- _Stored data_:
<<<<

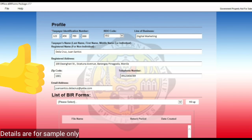That's it. You're done. You're now ready to file and pay for your taxes using the eBIR Forms application.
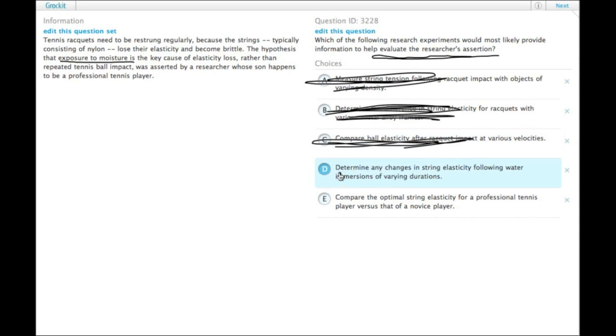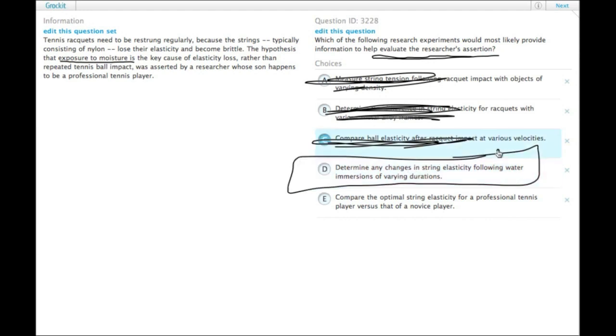D, determine any changes in string elasticity following water immersions of varying durations. That's moisture alright.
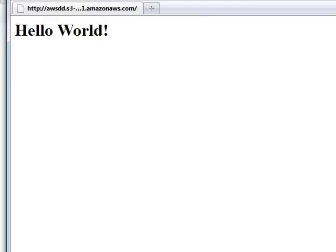That's it! The AWS documentation has more information about Amazon S3 and website configuration.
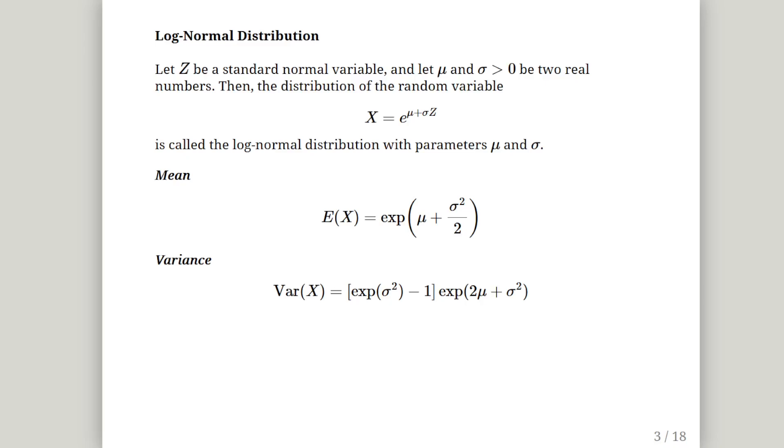But just as a quick remark the distribution of the log normal distribution will be quite different. Here we have expressions for the mean and variance. For example, the expected value of x from the log normal distribution is the exponential, the e to the power of mu plus sigma squared over 2. And there is also an expression for the variance. I'll move on because it's just a mouthful and we don't really need it.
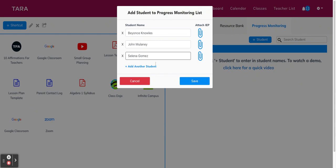I've added a few students and just like the IEPs, you can also go back and add more students at any time. So I'm also just going to attach a sample IEP here. And then we're going to hit save.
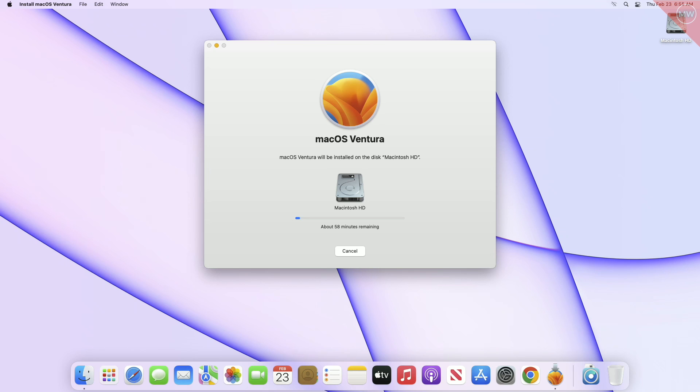Also, during the process your device will be restarted several times, so don't worry about that.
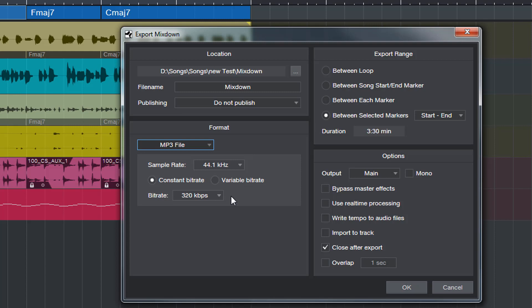However, the resulting file may not be as compatible as the constant bitrate, which is why we now have both options available. Constant bitrate is the default. This is what we've always had and this is the addition. You get higher quality audio.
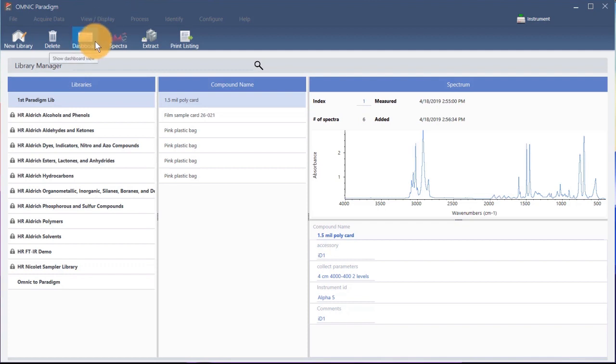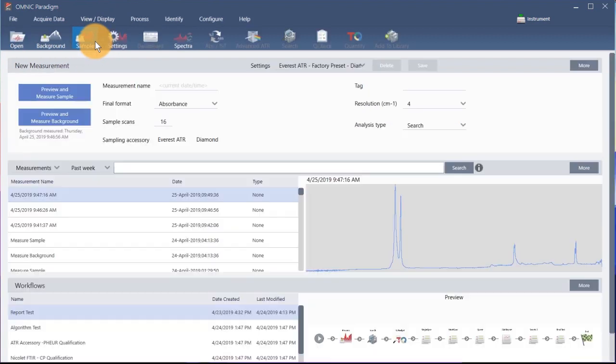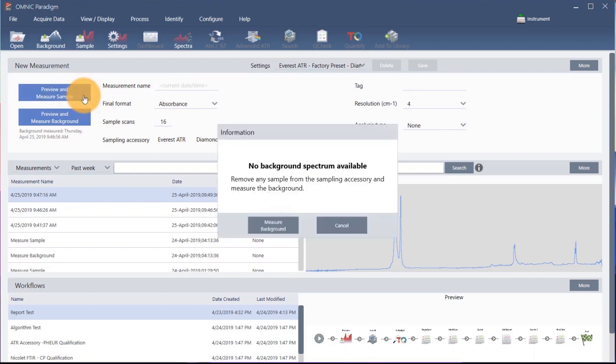Click this icon to return to the dashboard view. To start the analysis, click here. The analysis starts with a background measurement. The only requirement for an ATR background is to make sure the crystal is clean. The background spectrum is used to eliminate any signals in the sample data that are due to the spectrometer, the ATR crystal, or the background environment.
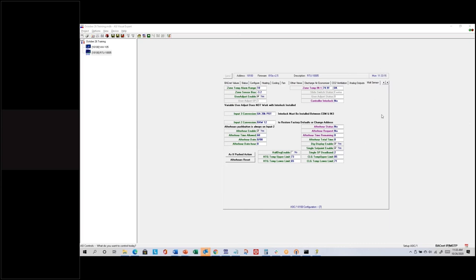In IntelliFront we're going to look at the zone temp alarm, so it's good to know what causes that alarm. The zone temp alarm range is in degrees — for this many degrees beyond set point, the zone temp alarm flag turns on. You can set that as little as one degree.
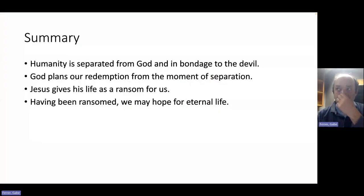Welcome back. In this video, we're going to continue exploring the theme of how Jesus gave his life as a ransom for us in order to heal the breach caused by the sin of our first parents. Here's a brief summary of what we discussed last time.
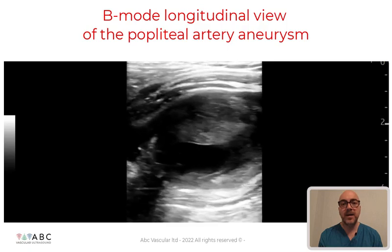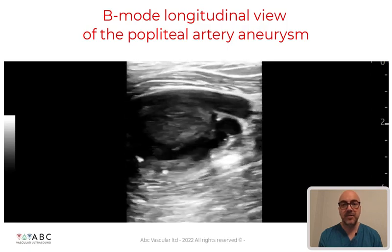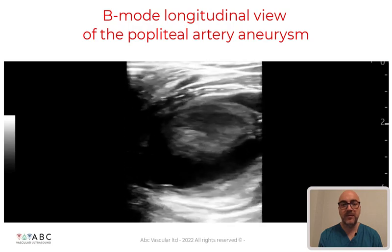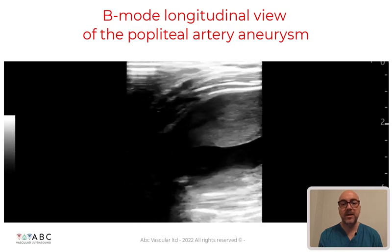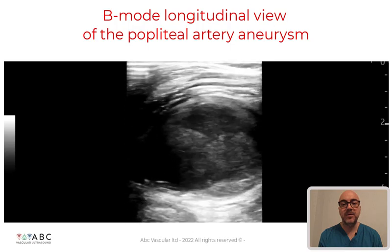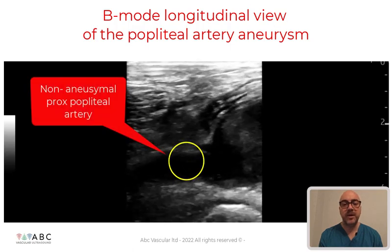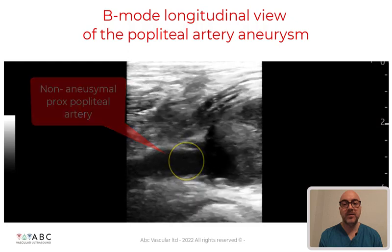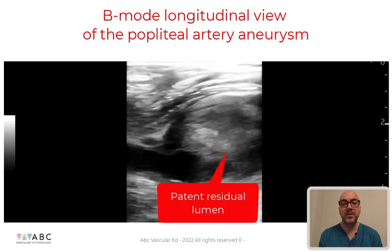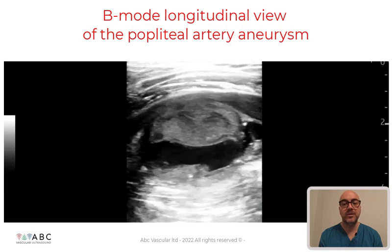By using the longitudinal view we can better understand the shape of the aneurysm, which is indeed fusiform. We can again identify the proximal and distal non-aneurysmal regions of the artery, and we can also identify the patent residual lumen and assess again the mural thrombus.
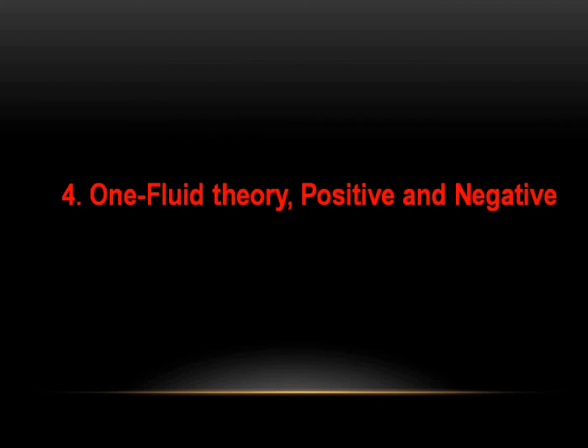In the next video, we're going to look into how this evolved into a single one fluid theory and how the positive and negative idea of positive fluid, negative fluid was introduced by Benjamin Franklin. So until then, see you. Bye.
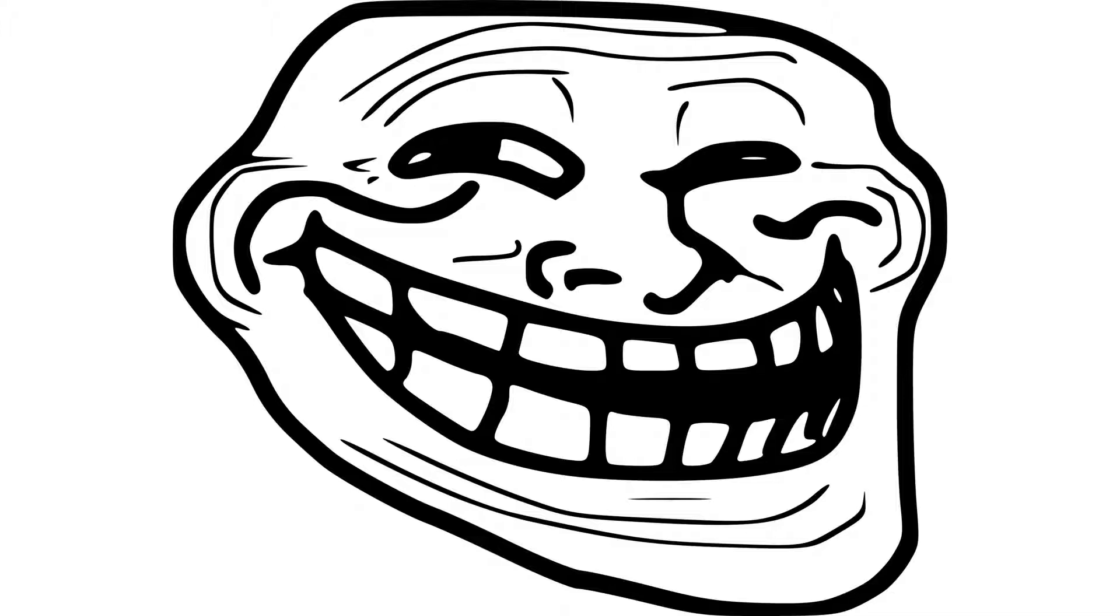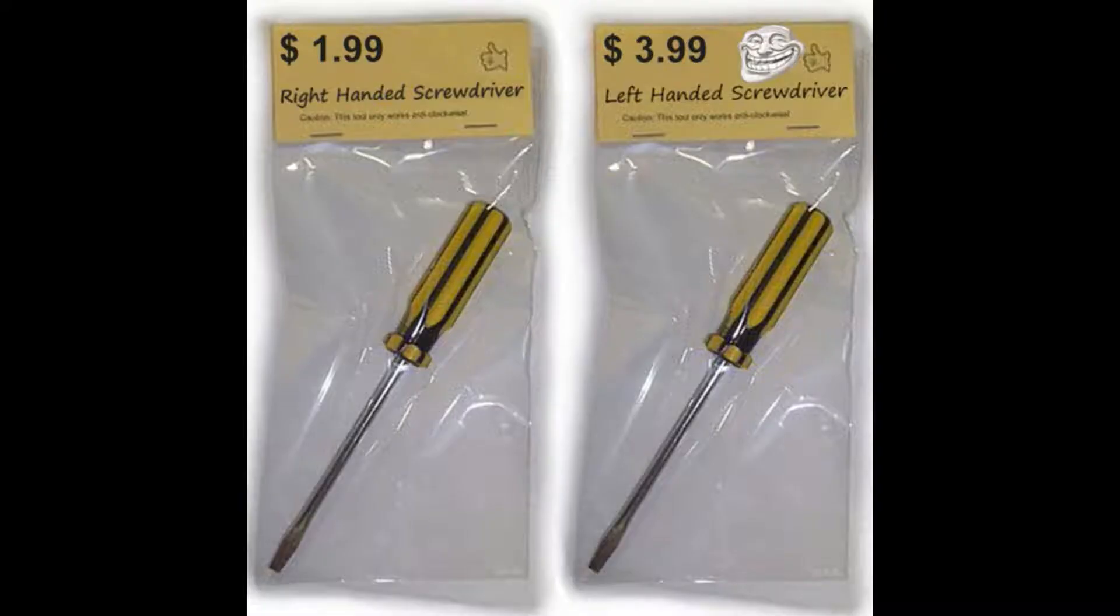Alright there, yeah, I'm after a couple of items, but I want to check with you that you've got them in stock before I drive all the way down there. Okay. Yeah, I need three left-handed screwdrivers. Do you have those?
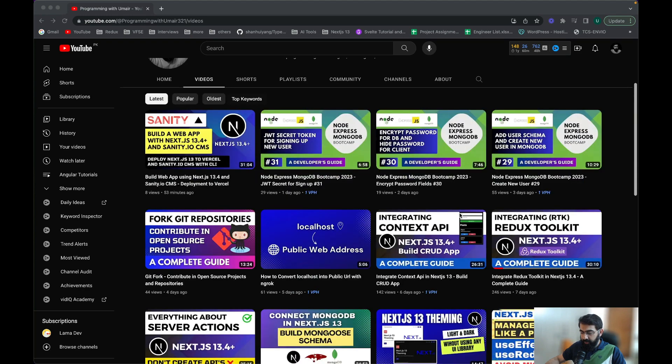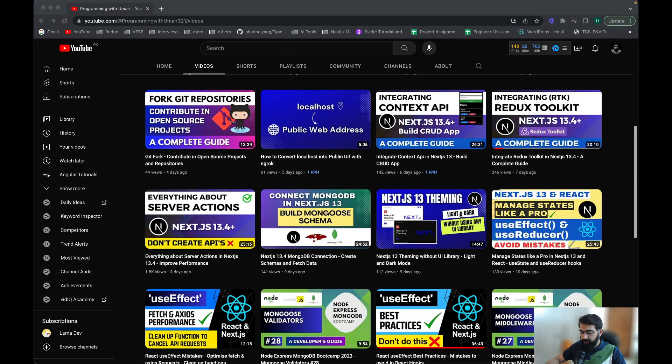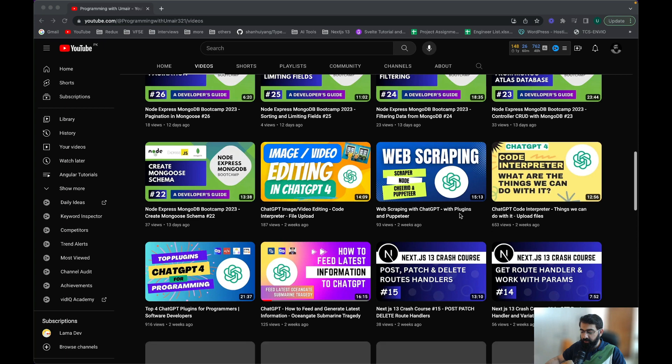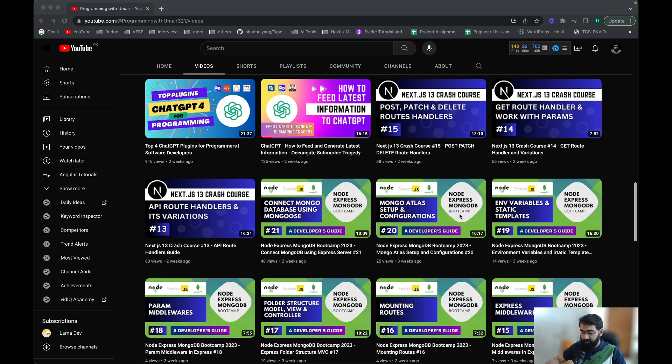I've already created a lot of videos on the latest technologies on that new channel. You can check out those videos via the link in the description below, and don't forget to subscribe to my new channel as well. I'll still be creating videos on Java and Angular here, since those are the top playlists on this channel.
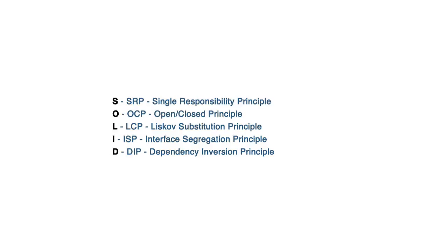In this series we're going to be looking at SOLID, which is a set of principles created by Uncle Bob, also known as Robert Martin. These principles that we're going to learn in the next few lessons apply to all object oriented programming, not just PHP.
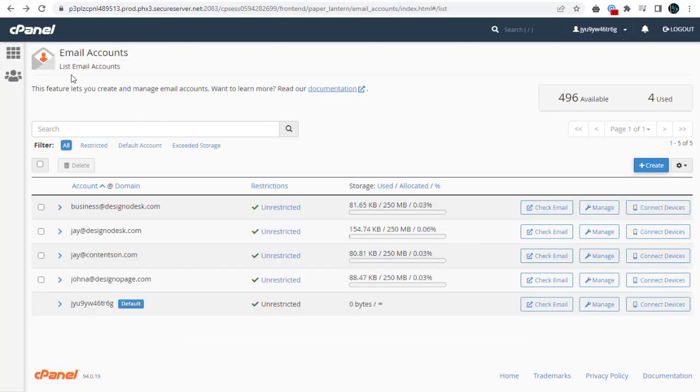Here you can see all the email accounts created in our cPanel hosting account.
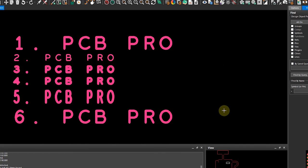So there you have it guys, this is how you would use text within the Allegro design environment.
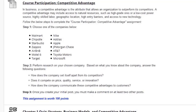Next we have course participation, which is a discussion board. You will be focused on competitive advantage. In step one, choose one of the listed companies. In step two, analyze that company's competitive advantage. In step three, respond to at least two other posts from your classmates. Keep in mind, if you don't respond to two, you will be deducted points.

>>>>

- _Directions for this task_: Copy the lines exactly as they appear from the opening of the entries above through the line with "D, determine any", excluding all pictures.

- _Written response_:
That's it. You're done. You're now ready to file and pay for your taxes using the eBIR Forms application.
D, determine any changes in string elasticity following water immersions of varying durations. That's moisture alright.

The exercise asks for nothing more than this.